I really wish there was a site where you could plug in your hardware and see what t/s speed you could expect from it, so if anyone has a link like that, I’d be interested. I haven’t been able to find one, and feel like I’m pretty much a noob when it comes to understanding what parts of hardware are important for local fine tuning and inference and running models, so please bear with me as I ask a bunch of probably dumb questions.
Broadly and in order, I think single GPU VRAM matters (more gb the better), then local RAM matters (same, but speed matters too I think?), then PCIE bus bandwidth speeds in gb/s matters, then additional GPU’s matter (for 60% and 30% and decreasing speedups from there), and finally CPU and/or NVME space might matter a little. Does that sound broadly correct?
So the situation is I’ve got a ton of 30 series NVIDIA GPU’s from a mining operation I wrapped up.
I could never sell them on r/hardwareswap or anywhere else, bc nobody would buy in bulk, and I’m sure the hell not wasting my time selling and shipping 75+ individual GPU’s to whoever. I do have racks and mobos and power supplies and whatever too, but I don’t think that matters. I also have a decent amount of 6800 and 6700xt and 5700xt AMD cards, but I don’t think that matters either - please correct me if I’m wrong.

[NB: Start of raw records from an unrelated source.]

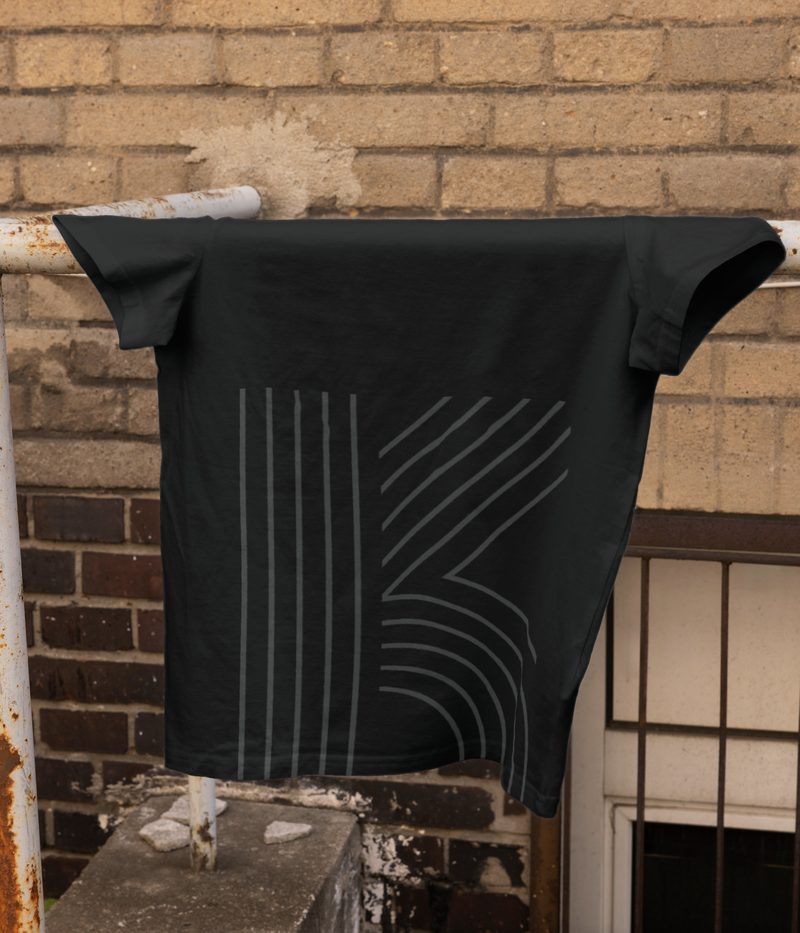 T-shirt Karborea noir suspendu devant un mur de brique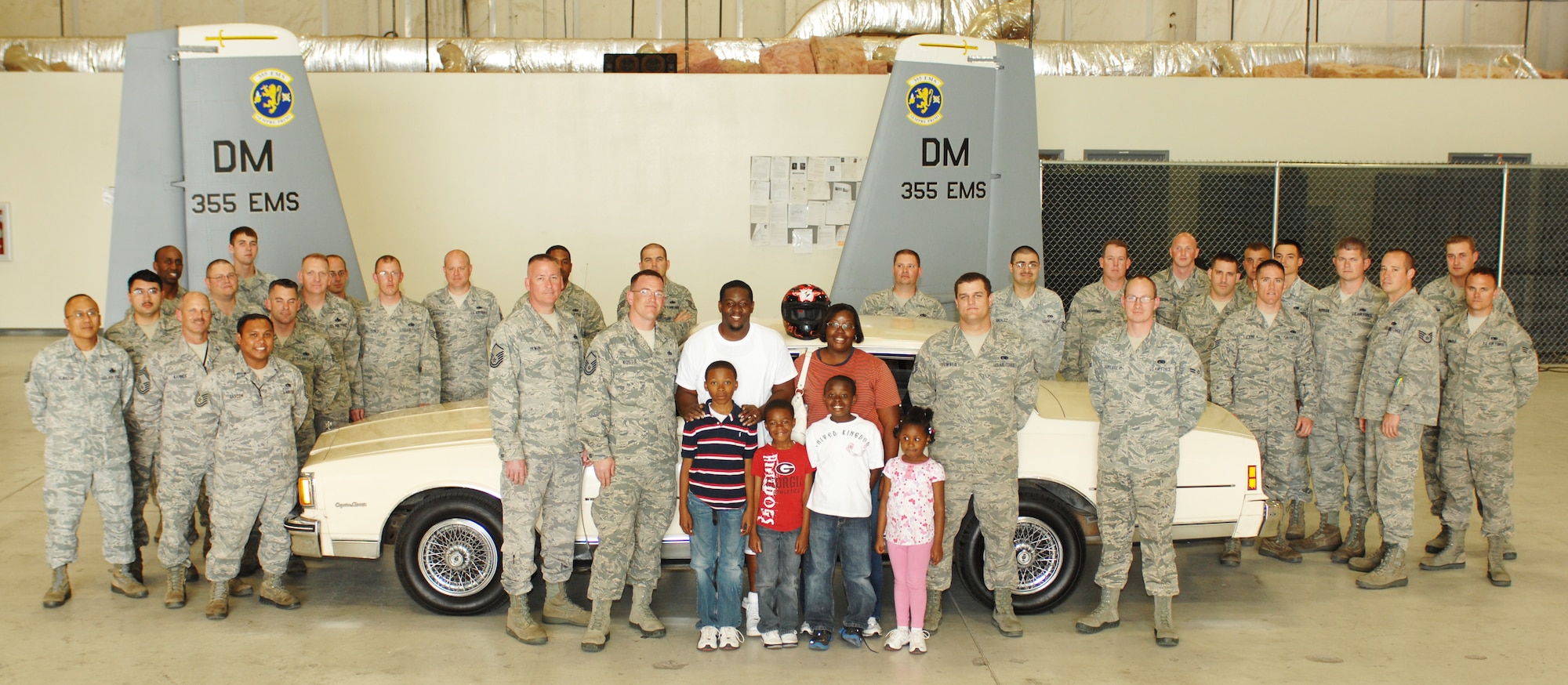 U.S. Air Force Tech. Sgt. Adrian Mapps, 355th Equipment Maintenance Squadron, along with his family and other members of the 355th EMS, stand around Mapps’ restored 1984 Chevy Caprice Classic in a hangar on Davis-Monthan Air Force Base, Ariz., March 5. The car was presented to Mapps by members of his squadron who used their own time and money to refurbish the vehicle after a motorcycle accident totaled Sergeant Mapps’ only working form of transportation. (U.S. Air Force photo by Airman 1st Class Saphfire Cook/Released)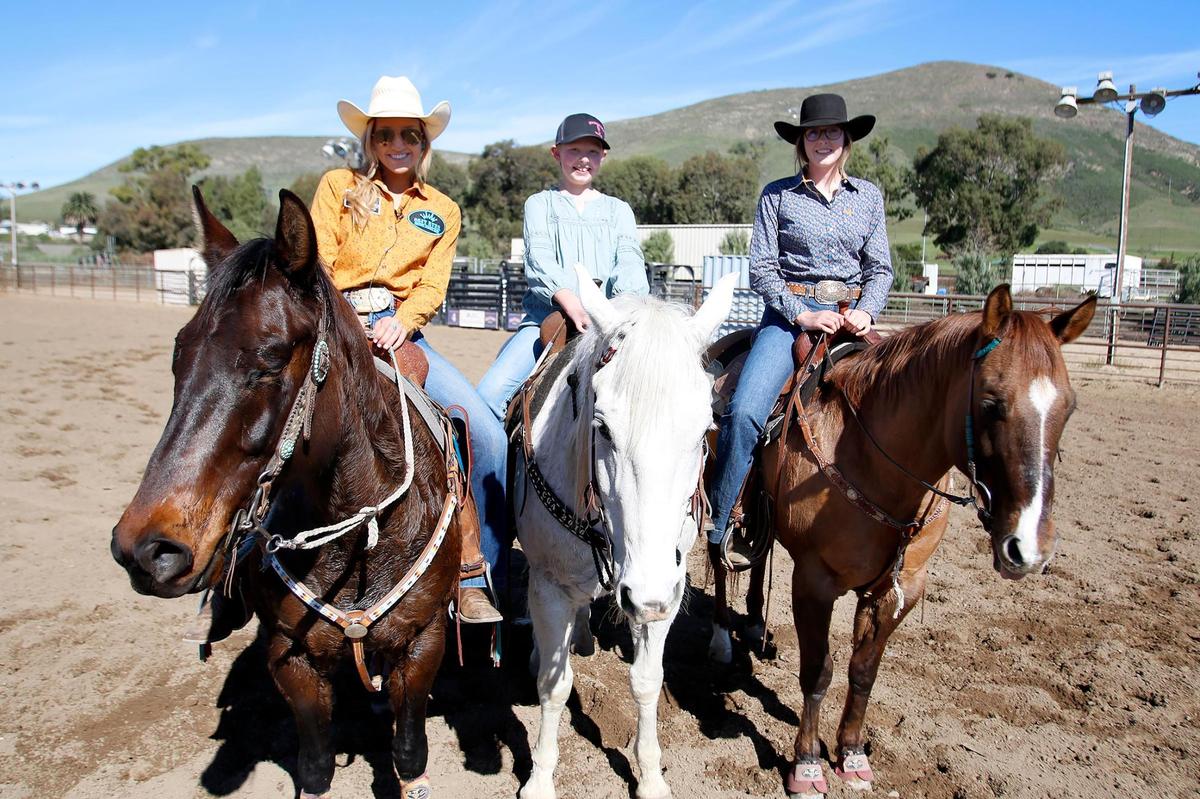 Maddie Owens, center, was diagnosed at age 10 with Ewing osteosarcoma, an aggressive form of bone cancer. Now age 11, she is working with the Cal Poly Rodeo Team through the Make-A-Wish Foundation to fulfill her wish to be a rodeo barrel racer. Helping her out are Cal Poly Rodeo Team assistant coach Sierra Spratt, left, and DeLisa Fracchia.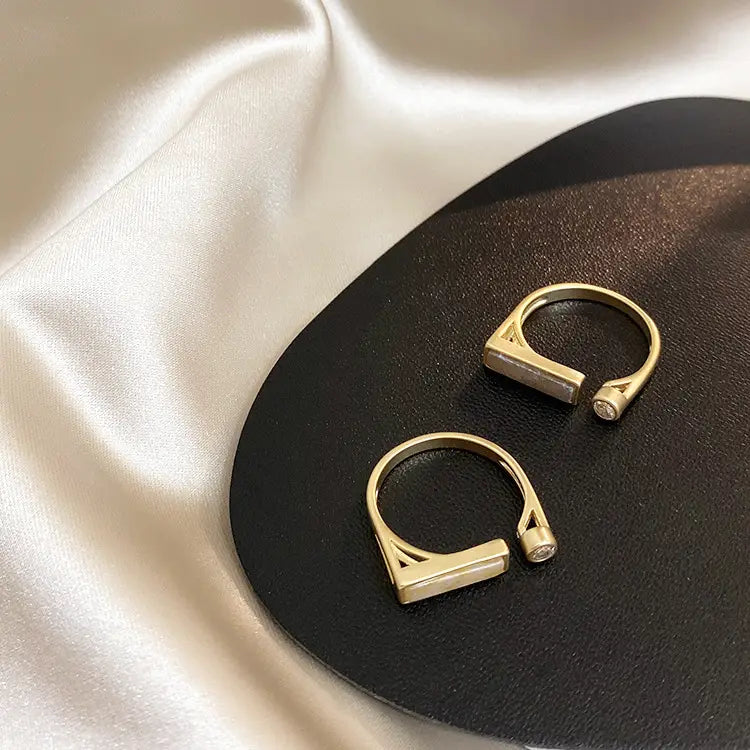 Gold-toned vintage geometric adjustable ring with triangular design and small clear zircon stone accent.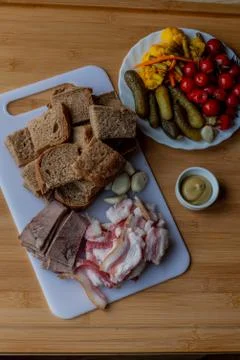 Bacon with garlic. Rye bread bacon garlic. Salted vegetables, pickled vegetab Stock Photos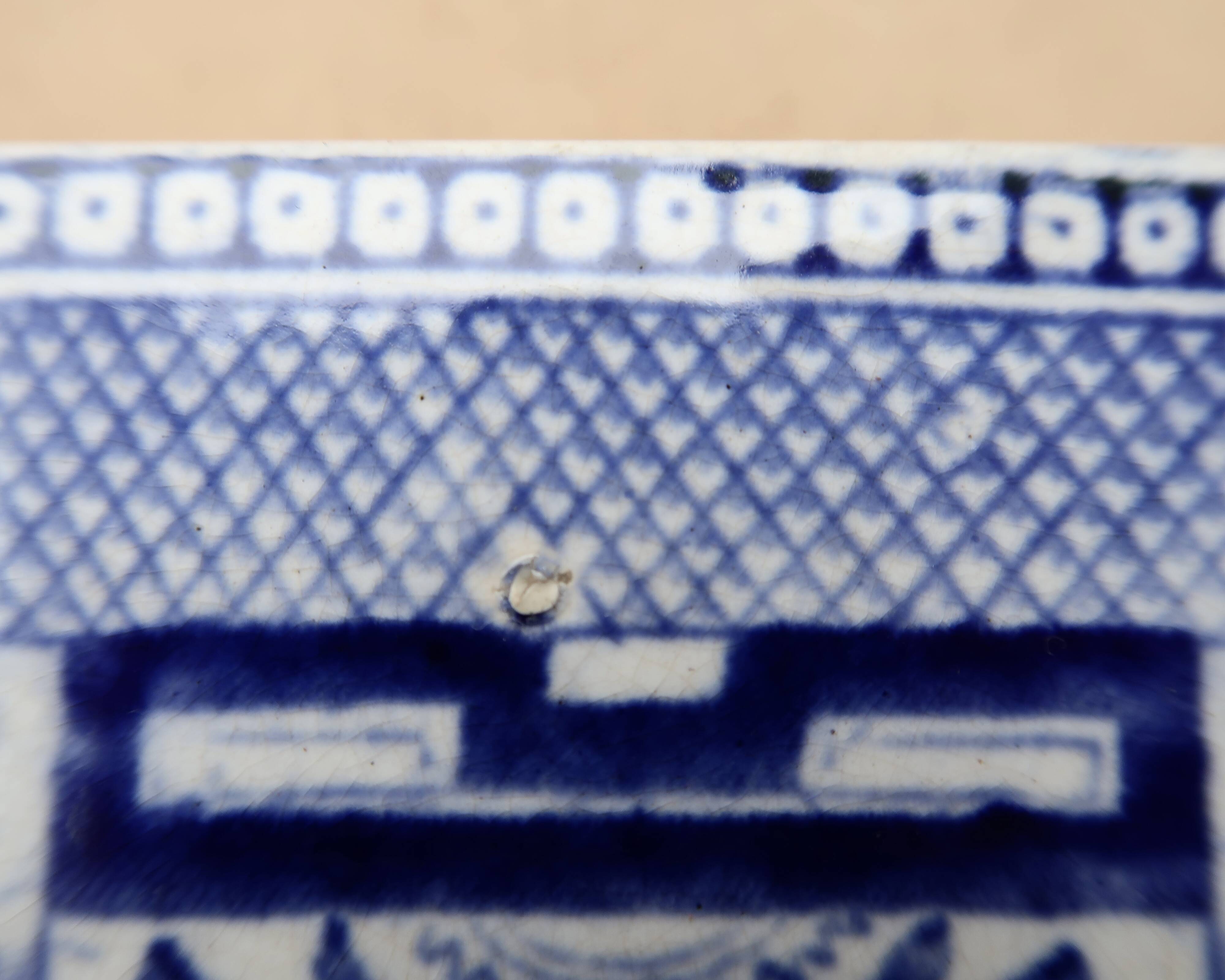 Large oval dish in blue and white English earthenware with Asian decoration, 19th century.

I’d like to use as many GPU’s as possible for local fine tuning and inference, and am trying to figure out the best path for that. After reading about PCIE bandwidth and the speedups from 2 and 3 additional GPU’s, I’m afraid the real answer is “sell some GPU’s and buy an M2 Ultra Mac pro” or something like that, but if we couldn’t do that route, what is the best path forward?
An EPYC server build with as many 3090’s and 3080’s as I can fit and either 96gb (2 sticks, full DDR5 speed) or 192gb (4 sticks, only DDR4 speed) of ram? Which ram config is better? I think the DDR5 vs DDR4 speed actually makes a difference, but am not sure how much of a difference.
Researching EPYC mobos, I think I can fit maybe 6 or 7 GPU’s into an EPYC build, does that sound about right? Anyone know of any PCIE-rich mobo’s or architectures that I could fit notably more GPU’s than that into? I do have a bunch of mining mobo’s, but don’t think they’re usable?
I’m pretty sure there’s nothing possible like a beowulf cluster of mining boards + GPU’s that you can use for model fine tuning / running, is that correct?
I also have a Threadripper linux box I could upgrade that can currently fit 4-6 GPU’s, and could upgrade to an AM5 mobo and a 79503xd CPU pretty easily. I don’t know how this stacks up against an EPYC build, does anyone have any ideas on that?
I looked up my current linux box mobo and the PCIE lanes only have 32gb/s bandwidth, so think a mobo upgrade to AM5 with 128gb/s would be necessary to get decent speeds, does that sound right?
Sorry for all the questions and my general lack of knowledge, any guidance or suggestions on maximizing a bunch of GPU’s are very welcome.
Magic number is about 8-10 in a single box with a drop in perf across CPUs. Probably needs risers to fit.
More than 6 is not really needed unless going for finetuning or full precision.
Besides epyc boards, old xeons work as well. Supermicro made some servers for this. Can be had used and you get your cooling and shiznit all in one package.
https://www.supermicro.com/en/products/system/4U/4029/SYS-4029GP-TRT.cfm
https://www.supermicro.com/products/system/4U/4028/SYS-4028GR-TRT.cfm
“sell some GPU’s and buy an M2 Ultra Mac pro”
lol, no. Or maybe yes. Make a GPU server and sell the rest to buy a 192g mac for the best of both worlds.
I’m sure the hell not wasting my time selling and shipping 75+ individual GPU’s to whoever
If this was all 3090s, you are sitting on $52k of hardware. People don’t make that in a year.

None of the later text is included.